Authorities laid razor wires and erected road checkpoints to close the roads leading to the venue of Modi’s election rally in Srinagar’s main commercial center. Armed paramilitary troops and police in flak jackets patrolled the area, snipers and sharpshooters were positioned atop buildings near the venue.
The multistage election will allow Kashmir to have its own truncated government and a local legislature, called an assembly, instead of remaining under New Delhi’s direct rule.
Kashmir has been at the heart of a conflict between India and Pakistan after British rule of the subcontinent ended in 1947 with the creation of the two rival countries. Both administer part of it but claim the territory in its entirety.
Militants in the Indian-controlled portion of Kashmir have been fighting New Delhi’s rule since 1989. Many Muslim Kashmiris support the rebels’ goal of uniting the territory, either under Pakistani rule or as an independent country.
India insists the insurgency is Pakistan-sponsored terrorism, a charge Islamabad denies. Tens of thousands of people have been killed in the fighting, which many Kashmiri Muslims consider a legitimate freedom struggle.
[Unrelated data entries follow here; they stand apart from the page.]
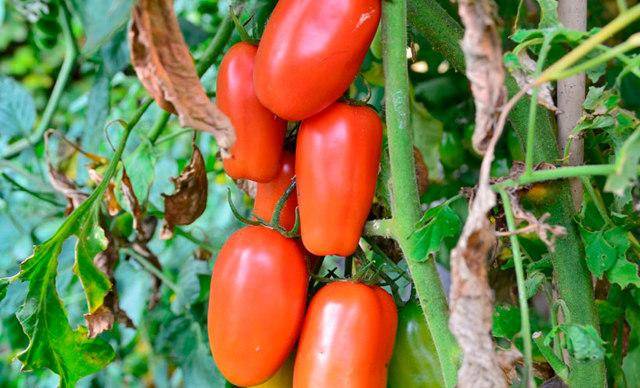 Помидорный сорт японская кисть: детальное описание урожайного томата и особенности его агротехники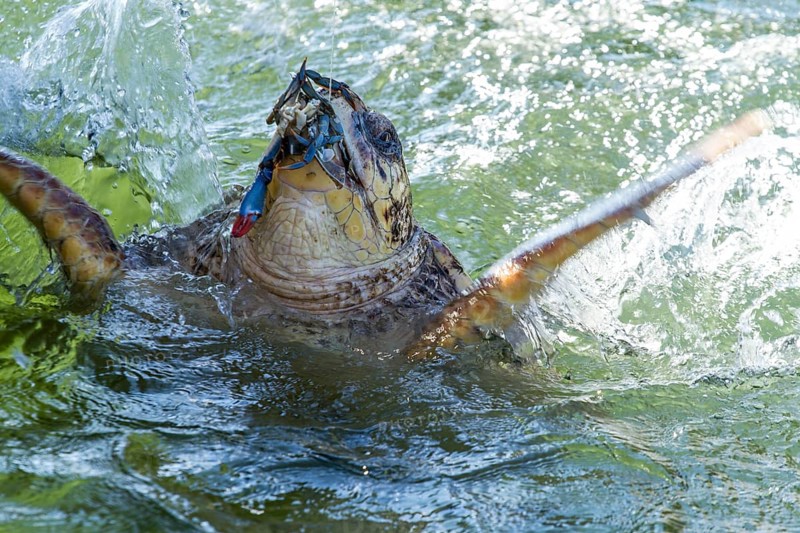 Loggerhead Sea Turtle (Caretta caretta) eating a crab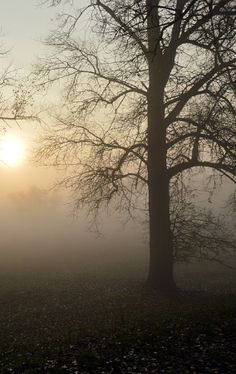 the sun is setting behind some trees in the foggy field with no leaves on it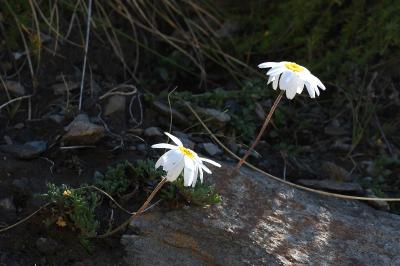 Leucanthemopsis alpina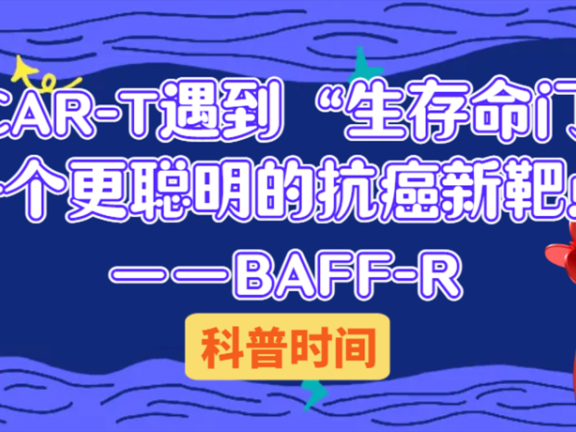 科普时间 | 当CAR-T遇到“生存命门”:一个更聪明的抗癌新靶点——BAFF-R
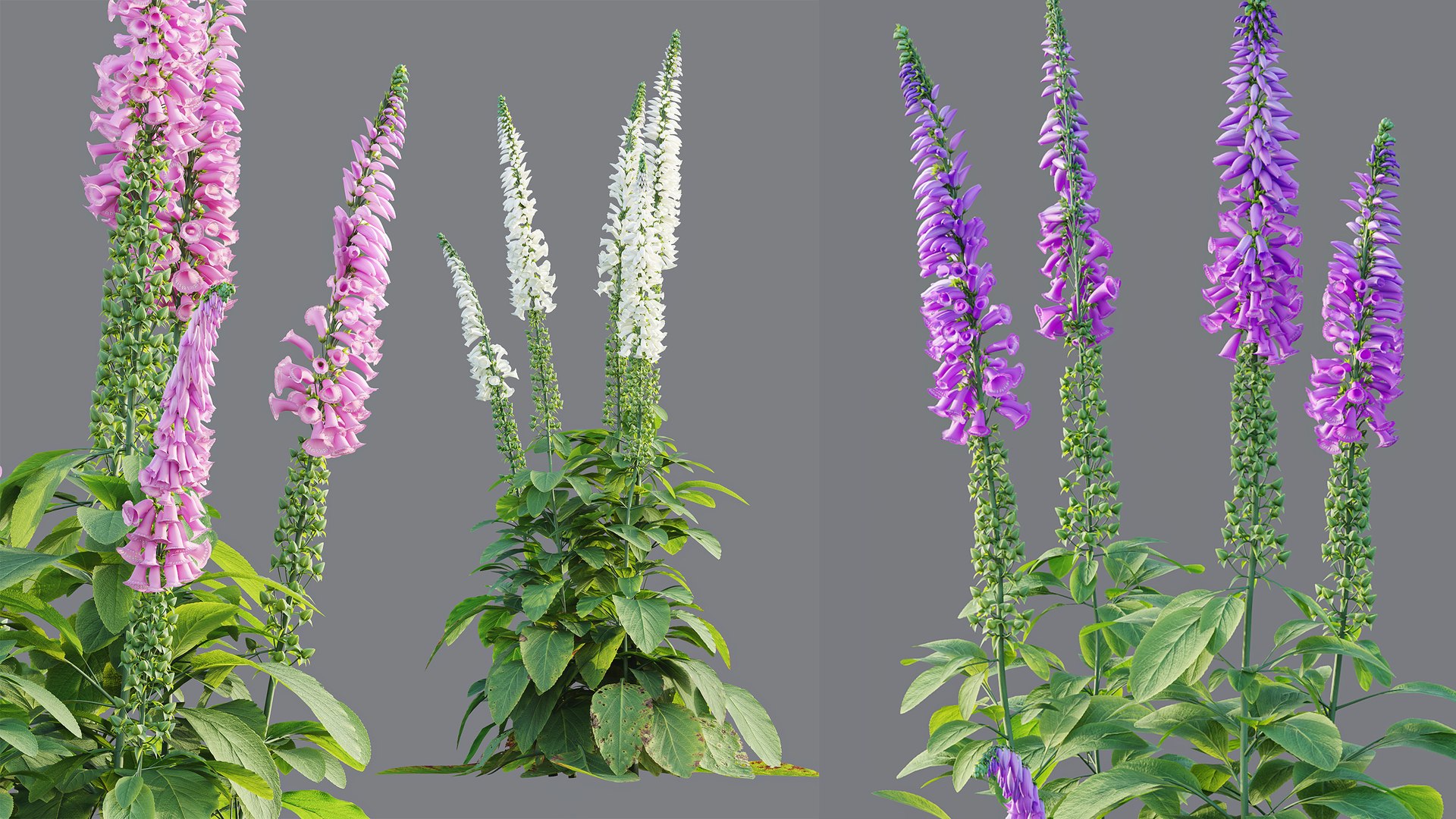 AVPlantCommonFoxgloveDigitalisPurpureaCandyMountain 3D model https://p.turbosquid.com/ts-thumb/7h/Wr2ZyU/5z/9/jpg/1792414109/1920x1080/fit_q87/c323ce266b621e1c84e2e138838bf61a36882b51/9.jpg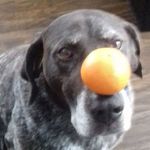 Ian Gamble - @gamble7548 - Instagram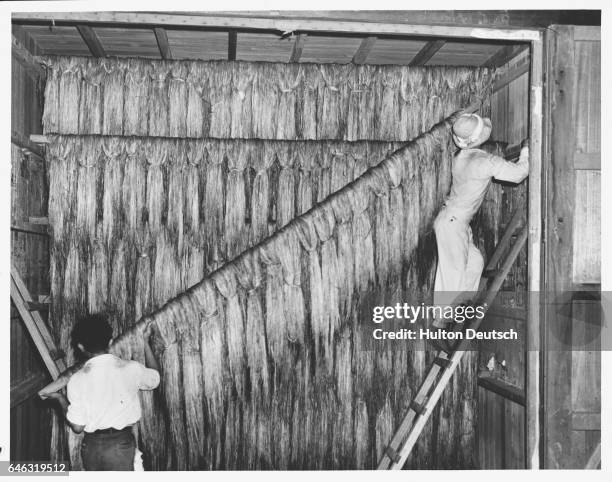 Filipino Rope Factory 456 Manila Rope Stock Photos, High-Res Pictures, and Images - Getty Images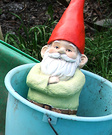 Gnome Garden Bucket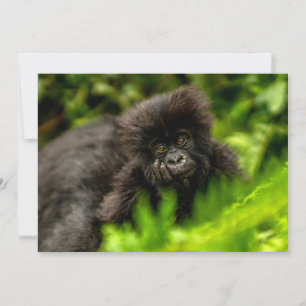 Niedliche Kleintiere   Säugling Gorilla Dankeskarte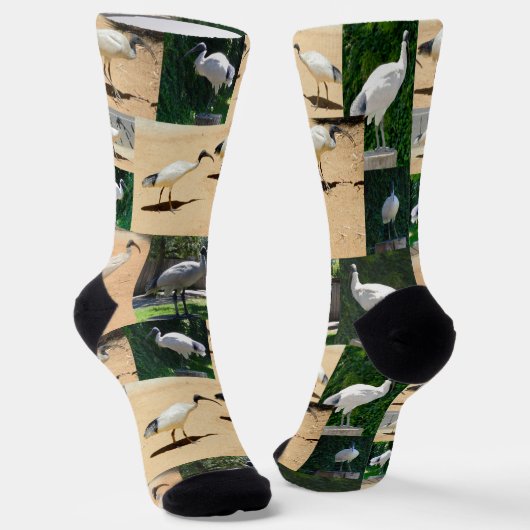 Bin Chicken Photo Collage, Crew-Sokken Sokken (Gebogen)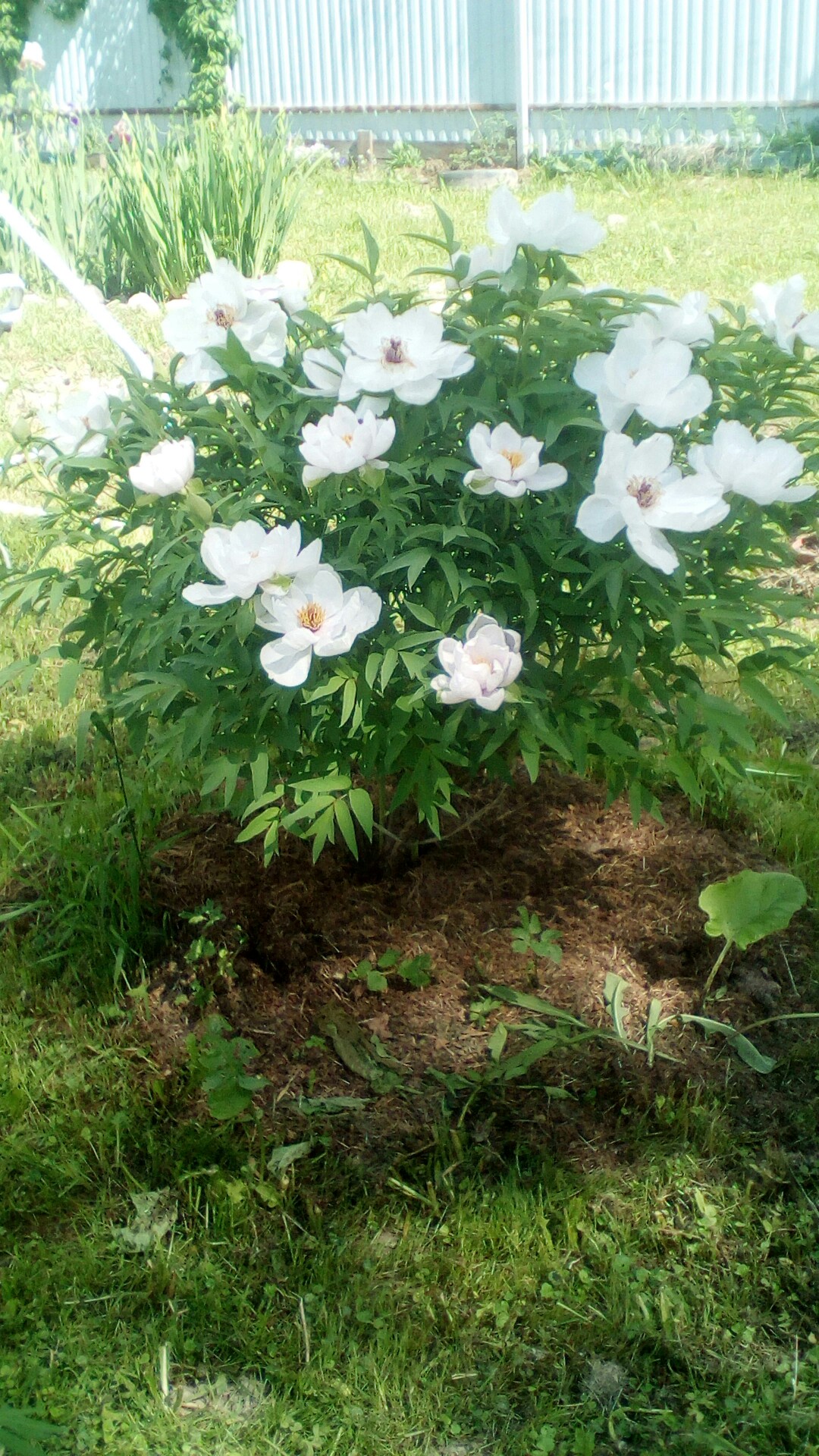 фотография из вКонтакте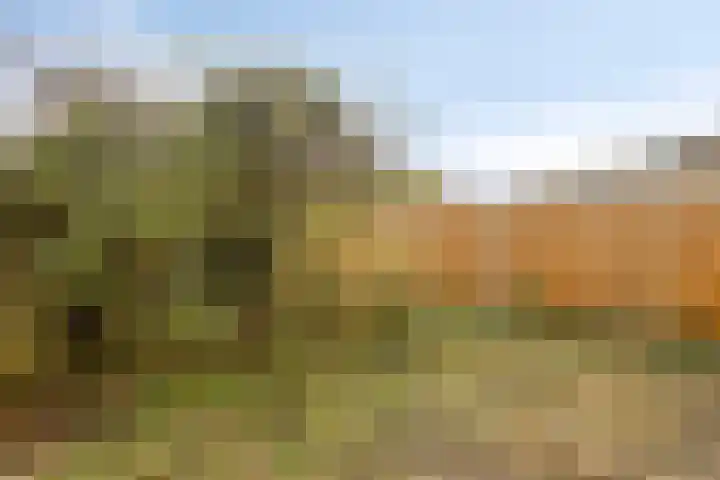 Fazantenhof 50 Eemnes thumbnail 24
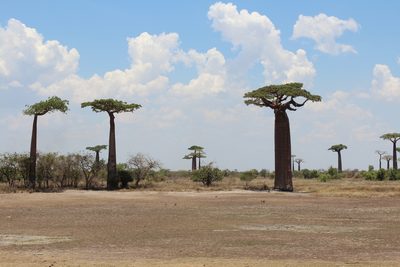 Adansonia grandidieri, photographed by Michael A. Alcorn
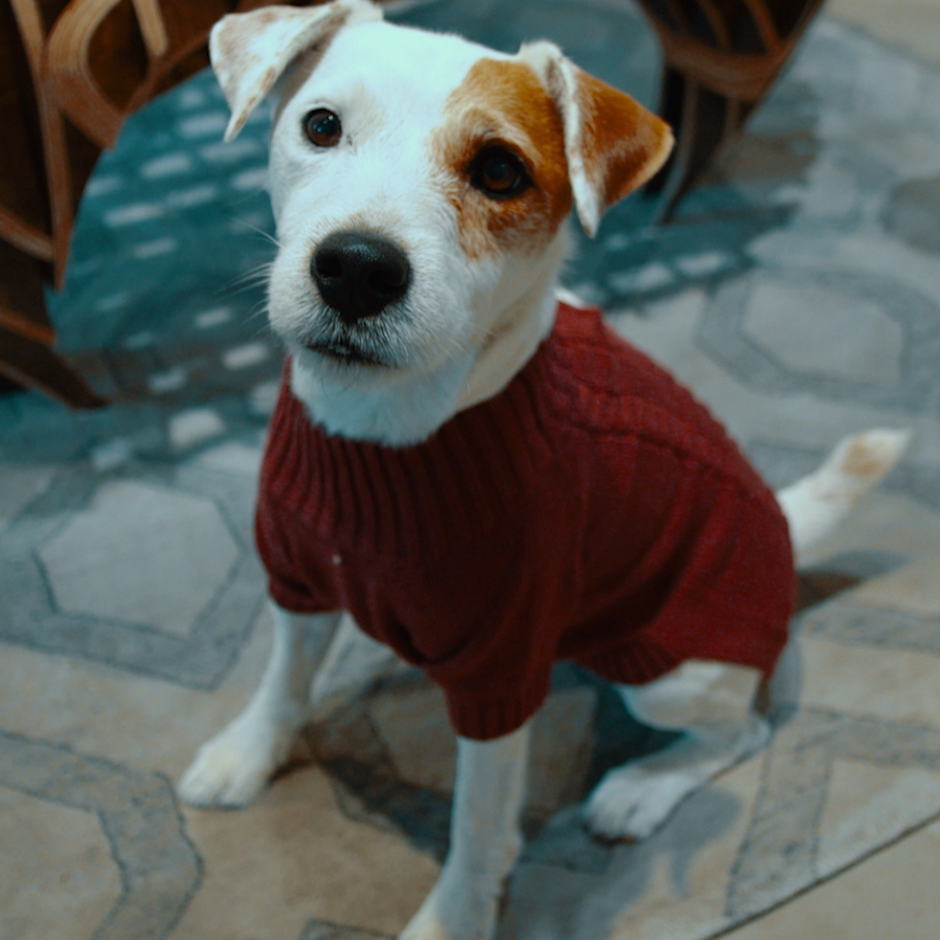 Dixie Dog Sweater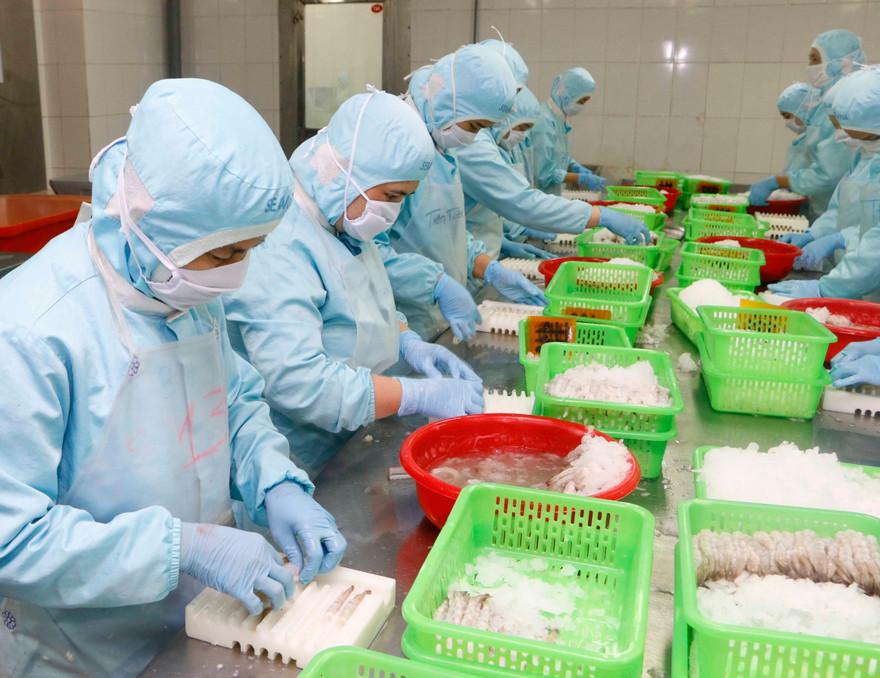 Chế biến thủy sản gặp khó khăn đã ảnh hưởng lớn đến xuất khẩu. Ảnh: Cảnh Kỳ 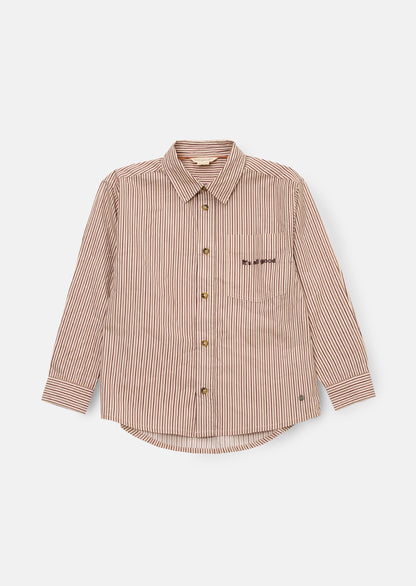 Aiden Fine Stripe Shirt
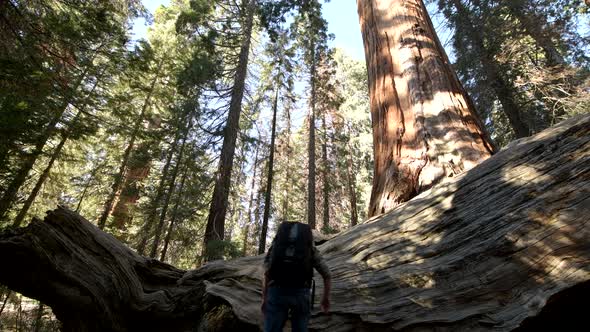 Giant Redwood Sequoia Tree Exploring 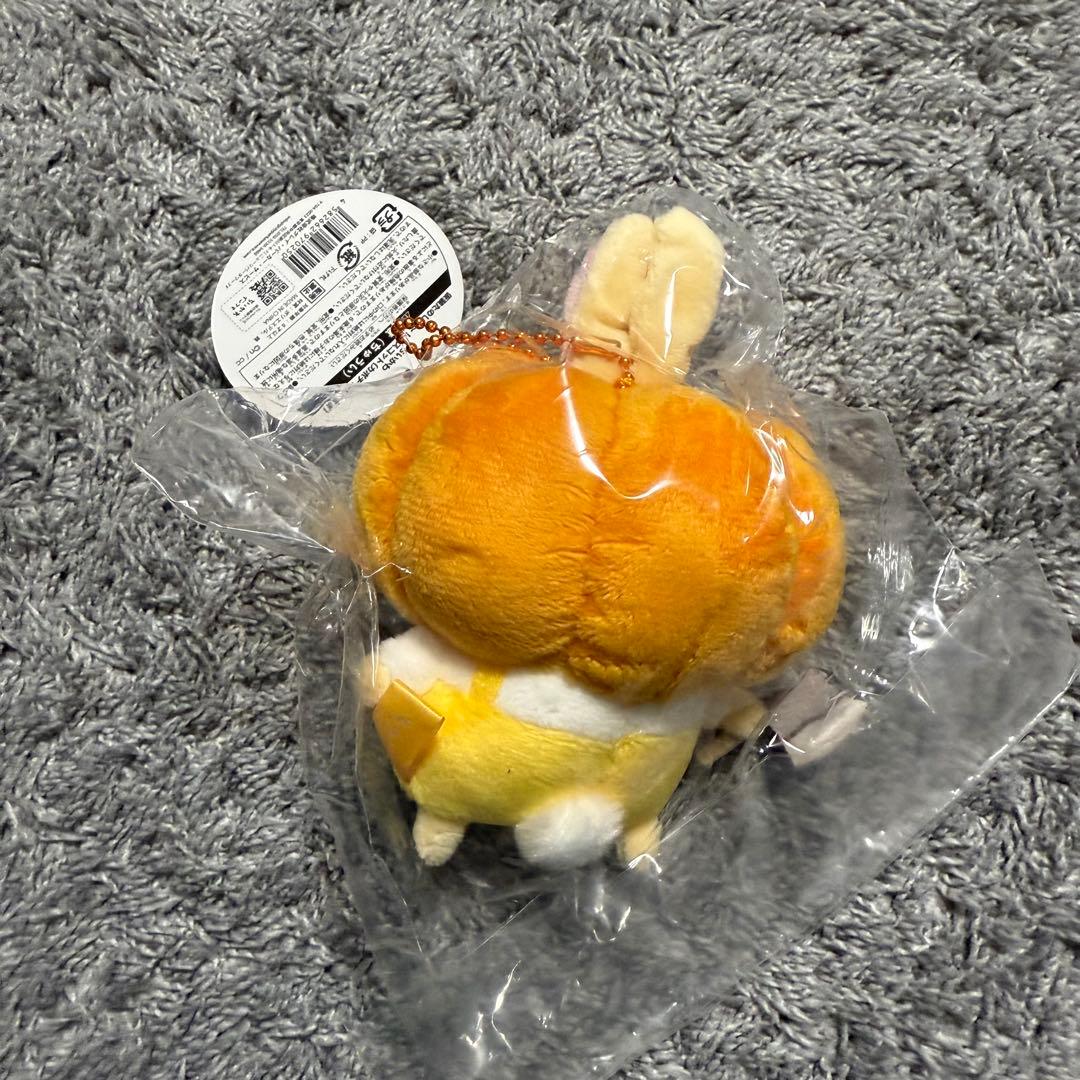 かぼちゃなうさぎ　初回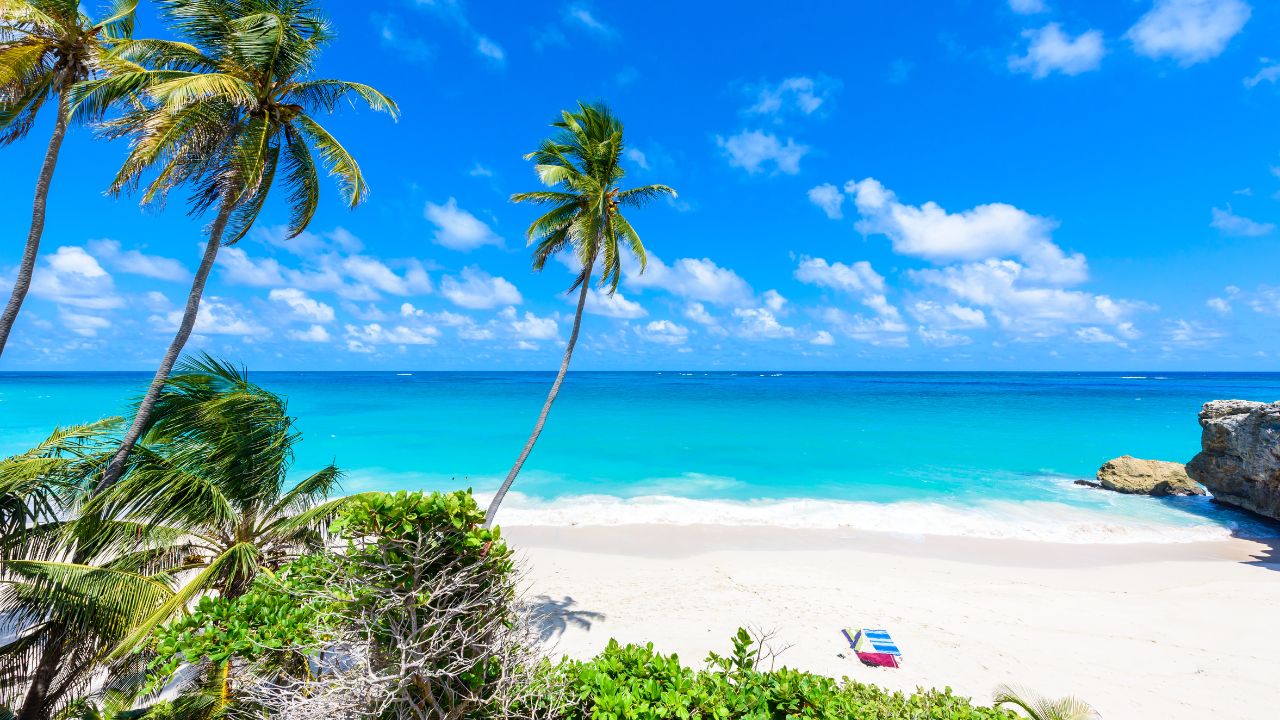 16 Greatest Seashores to Go to When It’s Freezing at Dwelling 16 Greatest Seashores to Go to When It’s Freezing at Dwelling
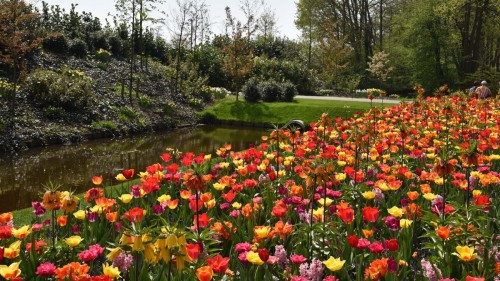 Netherlands Lisse 2602 copy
India’s ruling BJP has a strong political base in the region’s Hindu-dominated areas of Jammu that largely favor the 2019 changes and has won multiple seats from there in the past elections. But it is weak in the Kashmir Valley where the BJP has never won a seat.
The party has fielded only 19 candidates for the 47 seats in the valley while it is contesting all 43 seats in Jammu.
Modi’s party is not officially aligned with any local group, but many politicians believe it is tacitly supporting some parties and independent candidates in the Kashmir Valley who privately agree with it.
The region’s main pro-India political parties accused the BJP of trying to manipulate the election and fragment the valley’s vote through independents. About 43% of 503 candidates contesting in the Kashmir Valley are independents, in contrast to 35% in Jammu.